Осталось малое - выбрать актив будущего кружка по изучению наследия Булгакова. После небольшой заминки, так как народ как сник, избрали  выкрикнули таки имена Андрея, который написал объявление, Марину как сотрудницу клуба Гагарина и бывшего комсомольского вожака.
    Чем всё кончилось, не помню. Торжественного фуршета не было,  это точно. Но вот уже после Нового года, числа 7 января, и пришел в клуб Гагарина и спросил, где тут работает Марина.
   Марина вышла, мы с ней  познакомились еще ближе.
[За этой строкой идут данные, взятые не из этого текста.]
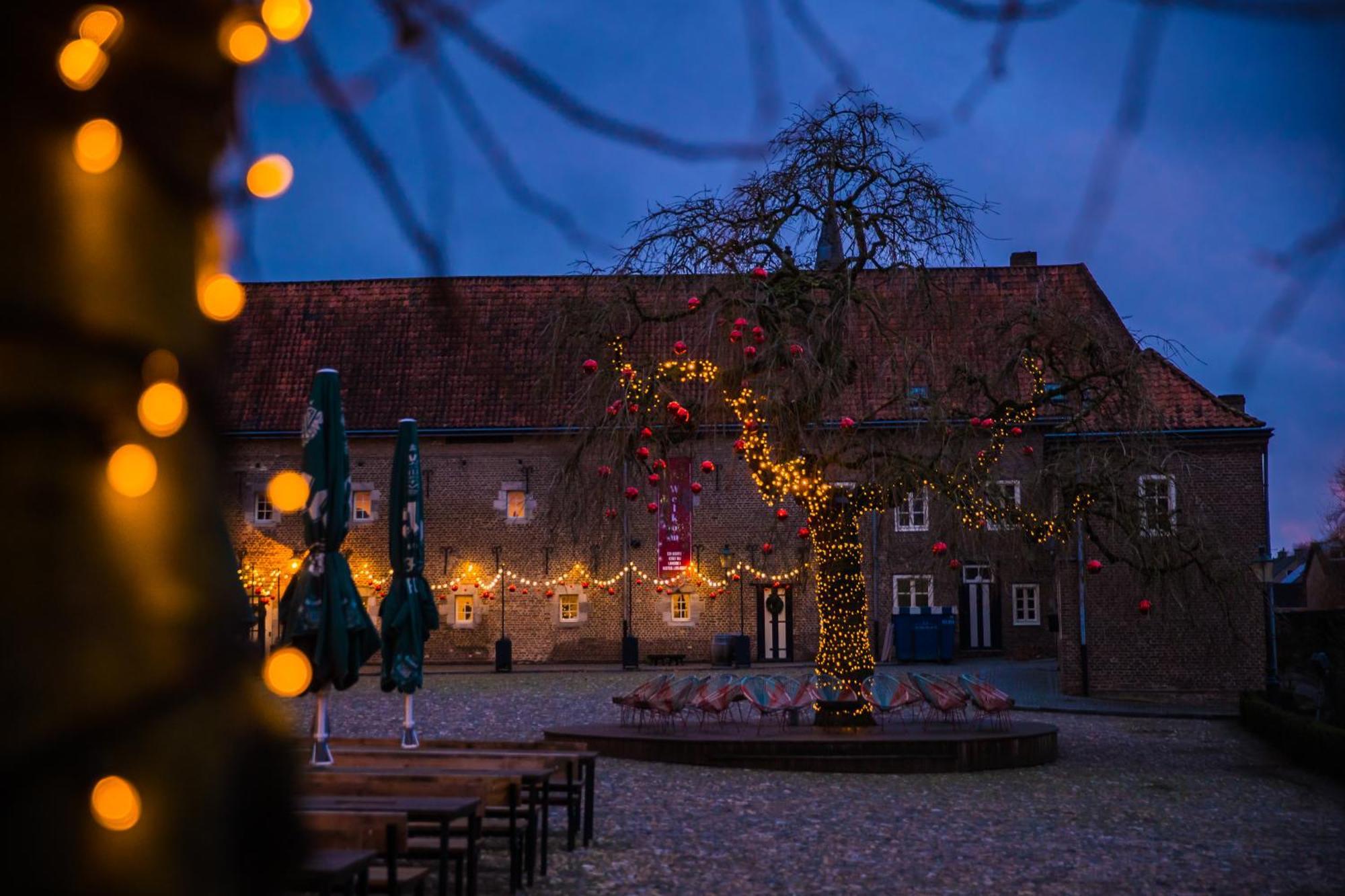 Bed and Breakfast Landgoed Kasteel Limbricht Esterno foto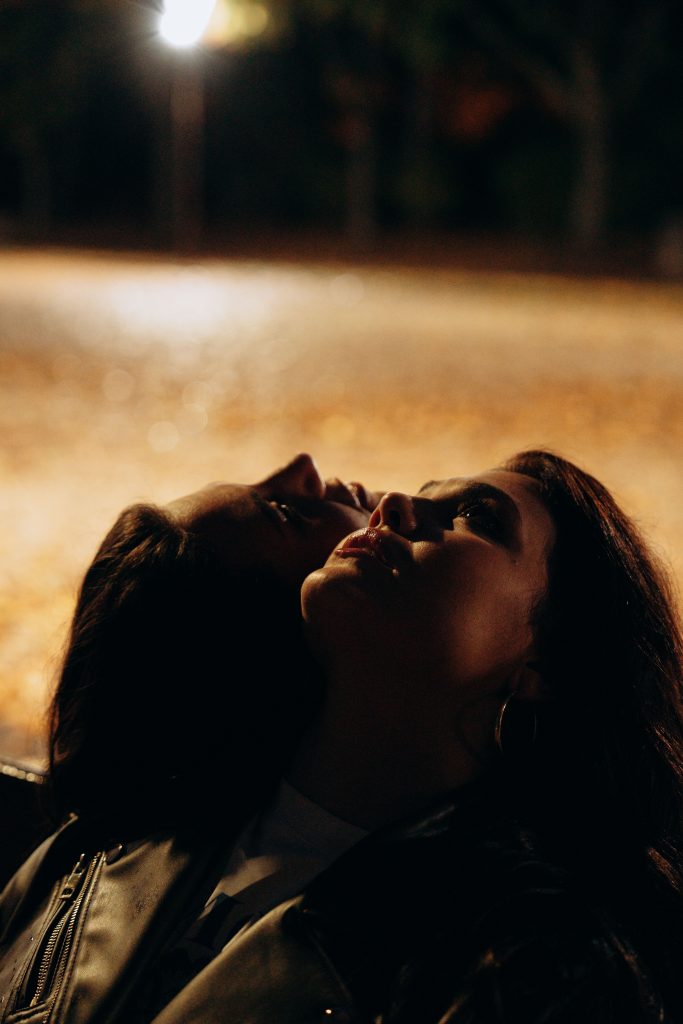 Portrait sensoriel de femme aux cheveux bruns de profil en lumière dorée automnale, séance photo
Она была что-то вроде организатором вечеров, и следовательно, сама была заинтересована, чтобы  идея создания булгаковского кружка  не растаяла.
   Я думаю, что очень подробно рассказывать о каждой встрече не буду.  Но главное, вокруг чего все завертелось, это отметить день памяти Булгакова 10 марта, и потом день рождения 15 мая.
Так что январь и февраль  прошли очень бурно, главное, что в это время я познакомился с  писателем Виталий Яковлевичем Виленкиным, а также с артистом МХАТ   Юрием Ларионовым.   
      Виленкин меня поразил вот чем. Когда мы остались одни, он посмотрел мне в глаза и сказал: «Закурим?» , и вытащил пачку Мальборо, которых я до сих пор не видел, ведь курили мы в те года только Яву, «Пожопи», да иногда «Союз-Апполон».  Мы закурили, Виталий Яковлевич спросил:  «А вы какое отношение к Булгакову имеете?» И сделал паузу. Ему не нужен был ответ. Я густо покраснел. Виталий сказал:  «Я знал Елену Сергеевну.  Я дам Вам телефон.  Живу возле бассейна «Москва». Заходите ко мне. Я покажу Вам исторические вещи».
    Из тех участников, которые уже замаячили на горизонте был и Б.С.Мягков, который делегатировал Алексея, добровольного его помощника, занимавшегося поиском в библиотеках  неизвестных публикаций и рассказов М.Булгакова. Появился на наших семинарах и Андрей, который работал в библиотеке им. Ленина в том же отделе, что и Мариэтта Омаровна Чудакова. Еще в наших рядах появился целый московский класс, я помню только учительницу и одного из учеников, Чернова, тоже Андрея, который «писал замечательные стихи». В общем, 10 марта мы коллективно сходили к могиле Булгакова, возложили цветы и митинг был такой, которого возможно давно не было у этого камня и могилы Писателя.  После Новодевичьего был вечер в клубе им. Ю.Гагарина. На этом вечере выступил В.Я.Виленкин,  который рассказал о своих встречах с Булгаковым, выступил Андрей, с интересным докладом о биографии писателя,   артист   Юрий Владиславович Ларионов прочитал несколько рассказов Булгакова.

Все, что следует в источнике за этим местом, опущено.